On “The Mentalist,” “Eleventh Hour,” “Lie to Me” and “Castle,” the brains behind the operation are not authorized to pack any heat. Meanwhile, “Life on Mars,” which returned viewers to the pre-“Serpico” days, when men were men and police officially brutal, just got the ax.
On FX, “The Shield” is gone, leaving Patty Hewes, the calculating central character of “Damages”; she may be a mob boss in her own way, but she does all her best work with words.
NBC’s “Southland” shows gritty promise, but the closest thing we have to the old-fashioned drunk and disorderly, weapon-wielding hero is Grace Hanadarko on TNT’s “Saving Grace.”
It’s almost as if the gun-control lobby, or women, to whom many of these new shows are clearly skewed (possibly because more women watch television than men), have secretly taken over television.
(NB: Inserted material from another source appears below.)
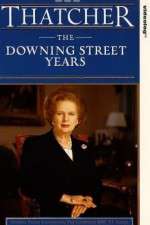 Watch Thatcher The Downing Street Years Xmovies8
Except of course it isn’t, and they haven’t. The pendulum swings one way and then it swings another, and the world in which “The Sopranos” and “The Wire” and “Deadwood” were revolutionary television has changed, mostly because of the existence of “The Sopranos,” “The Wire” and “Deadwood.”
Though no one can replicate the greatness of such shows, their tone and their envelope-pushing sex, violence and beyond-black humor have been replicated over the years into nonexistence; even the best photocopier will wind up with only shadows at a certain point.
So those looking to continue or re-establish their reputations as industry innovators are taking another tack – the psychological over the physical, the lush over the gritty, the adult over the sophomoric, the feminine over the masculine.
It’s a big gamble, particularly that last. Yes, women are still a slight majority, but conventional wisdom, buttressed by market analysis, has always held that though women will watch and read stories about both genders, most men limit themselves to stories about other men.
In other words, when you have the right writers and actors, even a balding, fat mob leader can become a sex symbol.
Which brings us back to HBO, which recently launched the most improbable television series ever conceived. Critical raves notwithstanding, “The No. 1 Ladies’ Detective Agency” is, by industry standards, a primer for how to make a show guaranteed to not succeed.
It not only has no guns, no sex and no f-bombs, but a slow and steady pace and a large and cheerful black woman as a main character who drinks only bush tea and is motivated by a need to do good.
A gun introduced in the first act still should go off in the third, but sometimes you can have great drama without a gun at all.